Ovapedia search :

Title:

The Feathers Inn & Commercial Hotel and some of its Licensees
Century: 
C19
C20
Location: 
Budleigh Salterton
Description: 

 

The origins of the building that later became The Feathers are obscure.  Miss Maria Gibbons wrote in her account of the town in 1809 (“Budleigh Salterton Early Remembered Days..”) that “there were houses scattered along the main street only as far as where Mrs Ford’s shop now stands on that side”.  In the 1871 and1891 census  Ford’s shop was number 22 High Street and the Feathers was number 24 which was further north going out of town in what Miss Gibbons said was open cultivated land in 1809.  If she is correct then the building that became The Feathers wasn’t there in 1809.  She was however writing a long time later in 1887 and was not herself alive in 1809 and was therefore presumably reliant on locals alive at that time.  

The building that became The Feathers was lease number 341 in the Rolle (later Clinton Devon) Estates records.  This lease first appears in the records for the years 1811-17 (see below).  

Abraham Freeman 

The first landlord of The Feathers appears to have been Abraham Freeman. He stated in an advert in Trueman’s Exeter Flying Post in March 1844 that he opened the business in 1832: 

“Abraham Freeman begs respectfully to offer his most grateful acknowledgements to all for the liberal encouragement kindly patronised since his commencement in 1832 ..” 

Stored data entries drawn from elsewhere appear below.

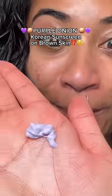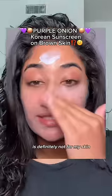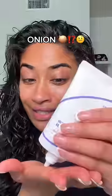This sunscreen is purple. The last time I tried a purple K-beauty product, it did not work out for me. But this is a Korean sunscreen and it's purple because of the onion in it — the Issyntree Purple Protector — and it's actually made for oily skin, which is really rare with sunscreen.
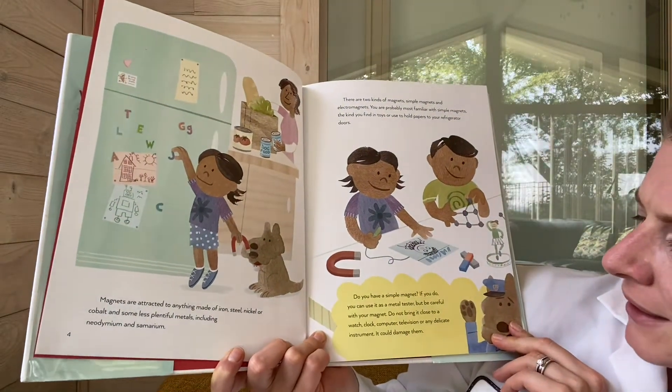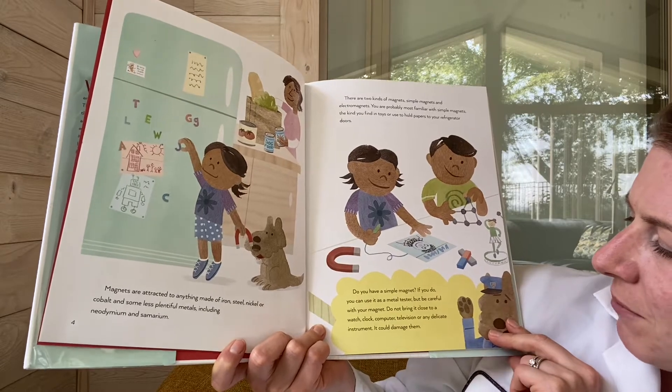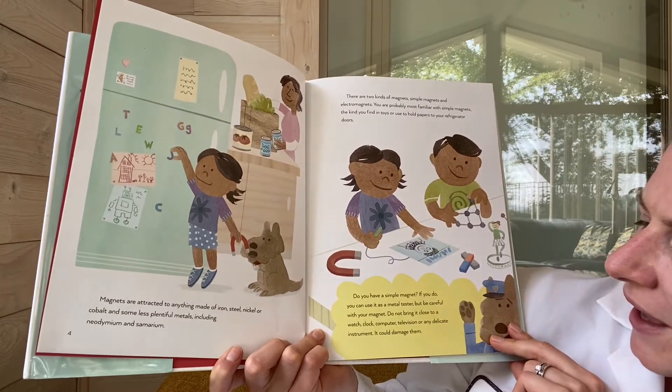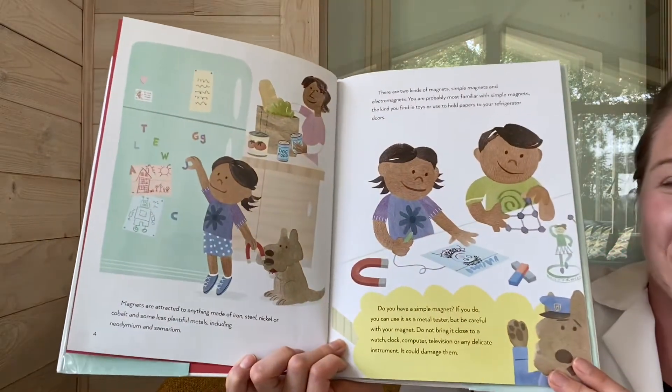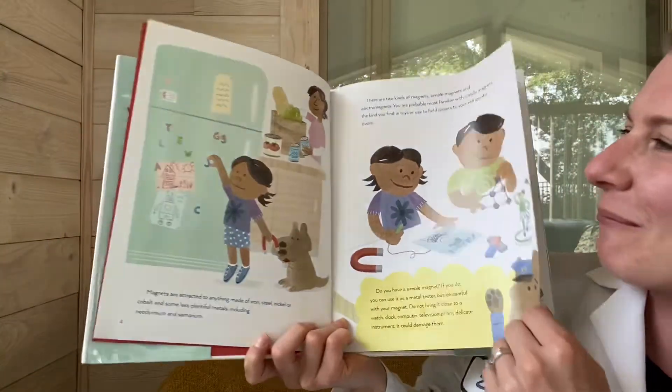Do you have a simple magnet? If you do, you can use it as a metal tester. But be careful with your magnet — do not bring it close to a watch, clock, computer, television, or any delicate instrument, as it could damage them. Henrik told me not to put one by my phone just a minute ago. Smart boy.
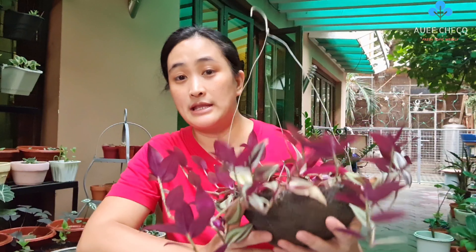Hello everyone! Welcome back to my channel. For today's video, join me because I'm going to replace the soil of my Wandering Jew and we're going to talk about their care tips.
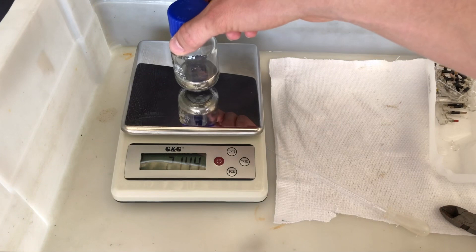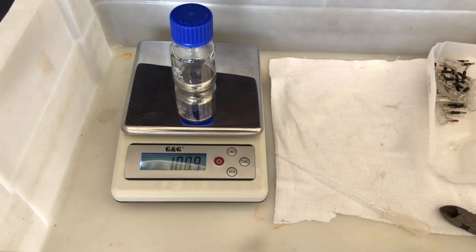In the end the bottle was weighed again. It weighed approximately 109 grams, which means that one switch contains about 10.9 grams of mercury.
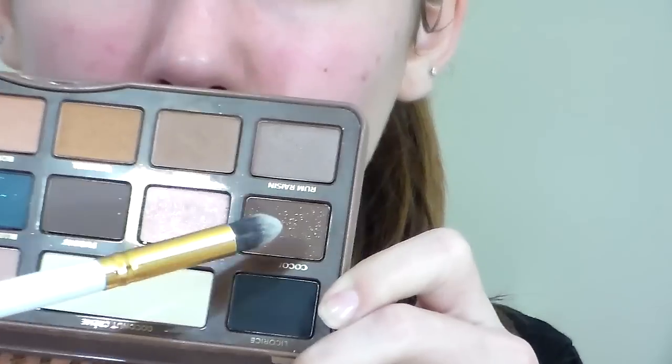Then I'm going to be mixing the colors Licorice and Cocoa Chili and putting those directly in my crease. Then I'm going to put them in the inner section of my eye and connect the two sections through the crease.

Freeman was born in 1803 in Ashby de la Zouche in Derbyshire the son of Abraham Freeman and his wife Ann.  His father moved to Budleigh Salterton, and on 15th July 1817 he took a 99yr lease (number 34) on a messuage in Budleigh Salterton (probably 318 on the Tithe Map which was off to the left up what is now West Hill).  He also paid rent for a house in the High Street which later became The Feathers (lease number 341) but which year this was transacted is rather unclear as a Mr (? William) Pash paid rent for the same property from 1814-1817.  An Abraham Freeman continued to pay rent of £1-2-0d for lease 341 from 1818 – 1839 and beyond so it is likely that he paid the advanced rent in 1817.  

Abraham senior later took a 99yr lease (number 196) on Otterton Mill in 1821, however in 1825 he died and was buried on the 3rd August at East Budleigh parish church.  He was said to be aged 48 and from Otterton Mill.  Presumably his son inherited the lease and he eventually sold it to Henry Hill around 1830 and was then in a position to start up his business at The Feathers.   

Abraham junior also took over his father’s other leased properties and lands and at the time of the tithe map in 1842 he was occupying the inn and stables (tithe 85 Feathers), its attached skittle alley (tithe 82), a house (tithe 86) occupied by Thomas Collard later Creedy’s, the house and field up West Hill (318), and fields around the town and at Dalditch (452, 452.1, 476, & 848 to 851).   

He was described as a publican in the 1841 census living at the inn with his wife Isabella (nee Stickland) and daughter Lucy.  His daughter died later that year.  The name of the inn was the Feathers Commercial Inn and Posting House in 1838 (Pigot’s Directory) but if it had that name from its inception is unclear.  The front of the building was gentrified at some stage.  Pevsner described it as having a “Regency stuccoed front” but it seems likely that this wasn’t done till 1832 at the earliest.  It was also clearly built onto the front of an earlier cob building. 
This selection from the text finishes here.